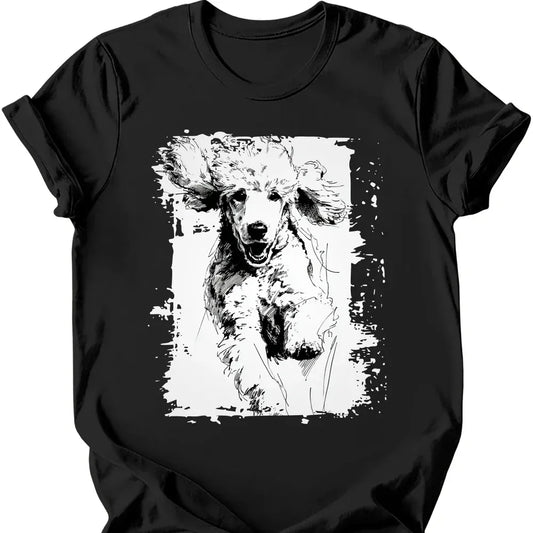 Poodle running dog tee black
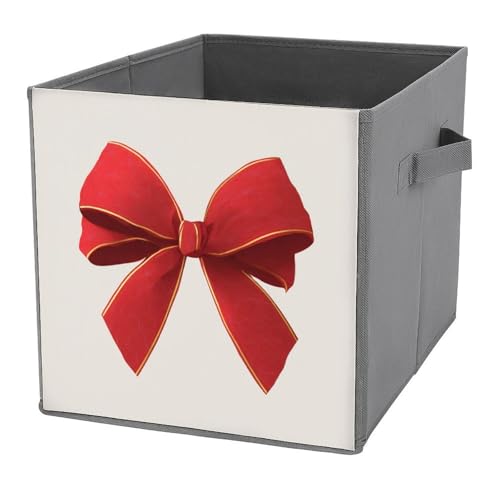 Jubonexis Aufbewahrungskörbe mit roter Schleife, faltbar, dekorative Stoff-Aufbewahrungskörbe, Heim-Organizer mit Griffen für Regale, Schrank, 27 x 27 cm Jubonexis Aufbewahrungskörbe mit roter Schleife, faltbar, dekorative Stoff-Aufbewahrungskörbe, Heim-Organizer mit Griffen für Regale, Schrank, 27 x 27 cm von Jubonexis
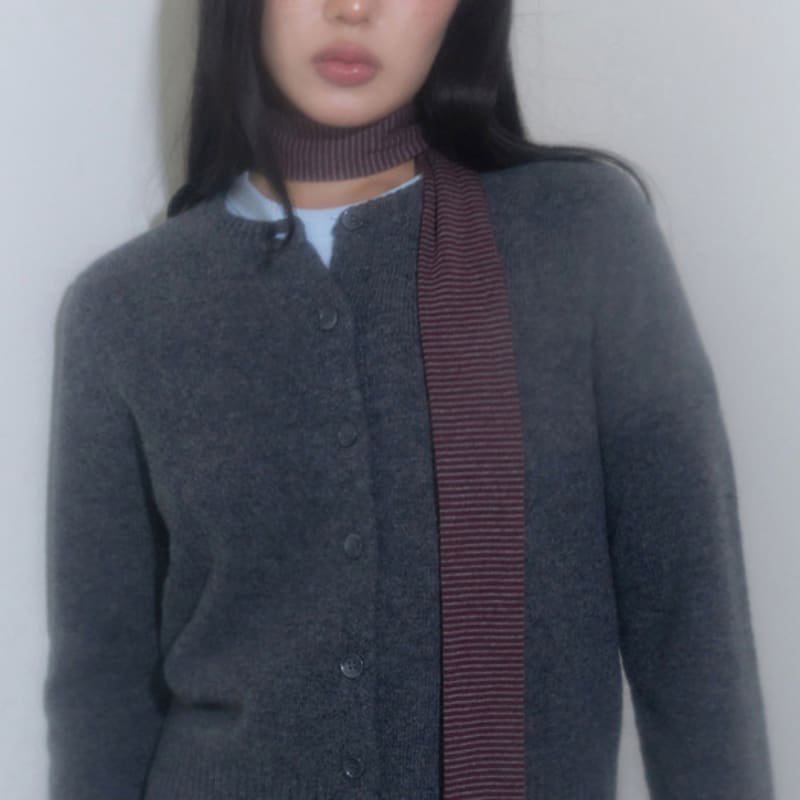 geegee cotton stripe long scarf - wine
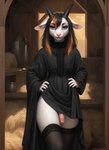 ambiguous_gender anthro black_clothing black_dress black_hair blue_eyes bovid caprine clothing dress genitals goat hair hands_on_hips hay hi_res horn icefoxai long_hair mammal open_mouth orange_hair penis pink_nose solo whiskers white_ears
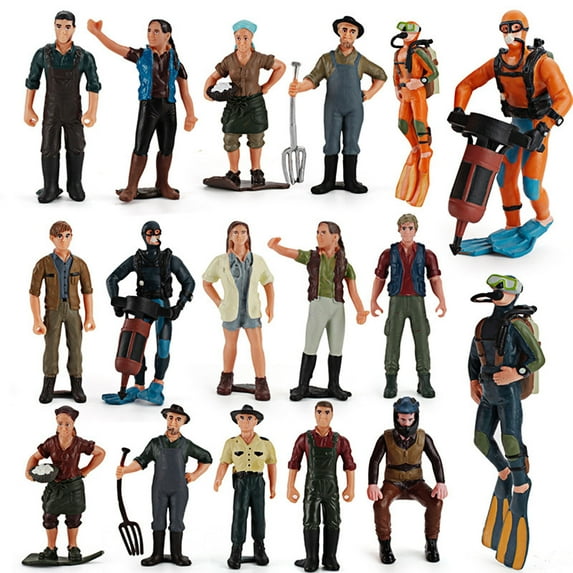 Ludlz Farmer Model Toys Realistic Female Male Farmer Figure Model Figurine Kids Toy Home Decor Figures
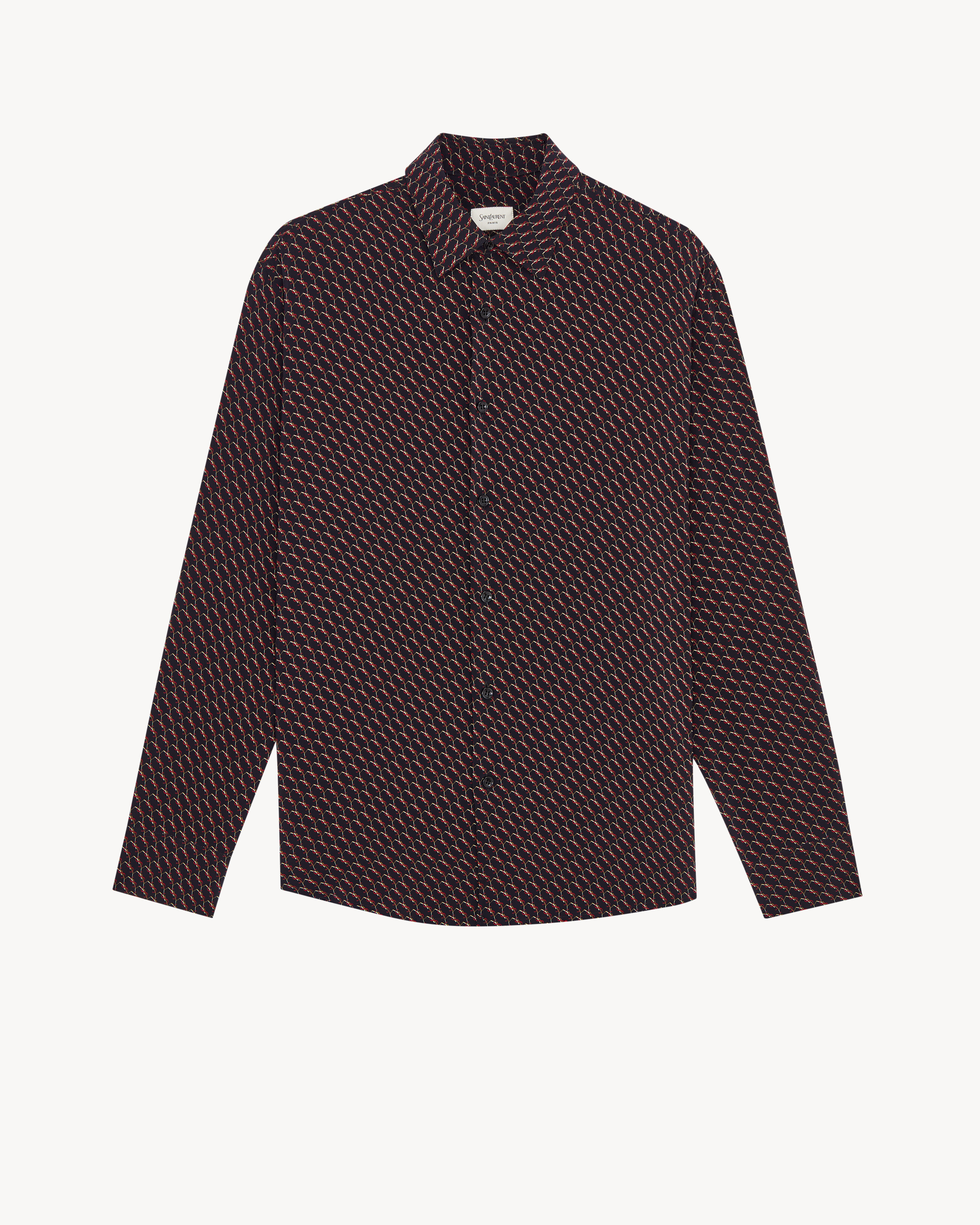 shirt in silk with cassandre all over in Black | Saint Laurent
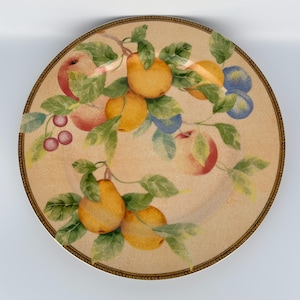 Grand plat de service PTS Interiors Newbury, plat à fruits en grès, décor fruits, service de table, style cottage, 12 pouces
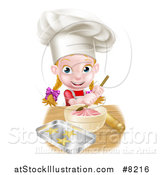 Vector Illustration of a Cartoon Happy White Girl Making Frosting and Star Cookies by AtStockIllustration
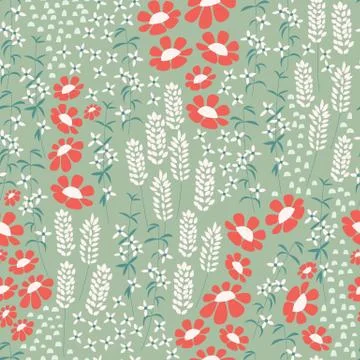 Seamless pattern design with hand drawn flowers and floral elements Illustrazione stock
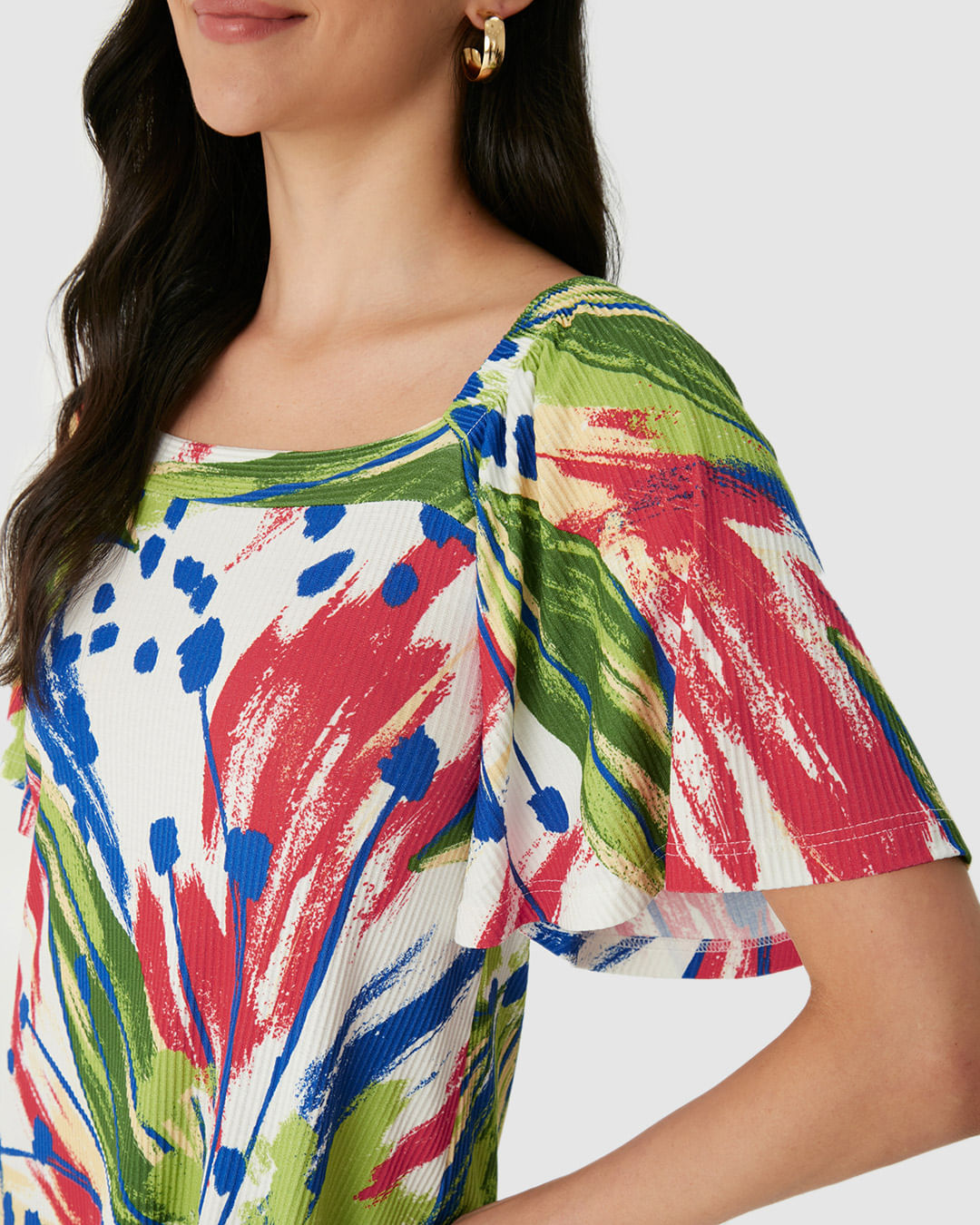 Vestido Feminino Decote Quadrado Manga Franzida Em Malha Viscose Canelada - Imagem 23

-- Exercise directions --
Within the data above, repeat exactly the lines from the one bearing "cm von Jubonexis" through the one bearing "geegee cotton stripe long scarf - wine". Include no pictures and nothing else.

-- Problem solution --
 Jubonexis Aufbewahrungskörbe mit roter Schleife, faltbar, dekorative Stoff-Aufbewahrungskörbe, Heim-Organizer mit Griffen für Regale, Schrank, 27 x 27 cm Jubonexis Aufbewahrungskörbe mit roter Schleife, faltbar, dekorative Stoff-Aufbewahrungskörbe, Heim-Organizer mit Griffen für Regale, Schrank, 27 x 27 cm von Jubonexis
 geegee cotton stripe long scarf - wine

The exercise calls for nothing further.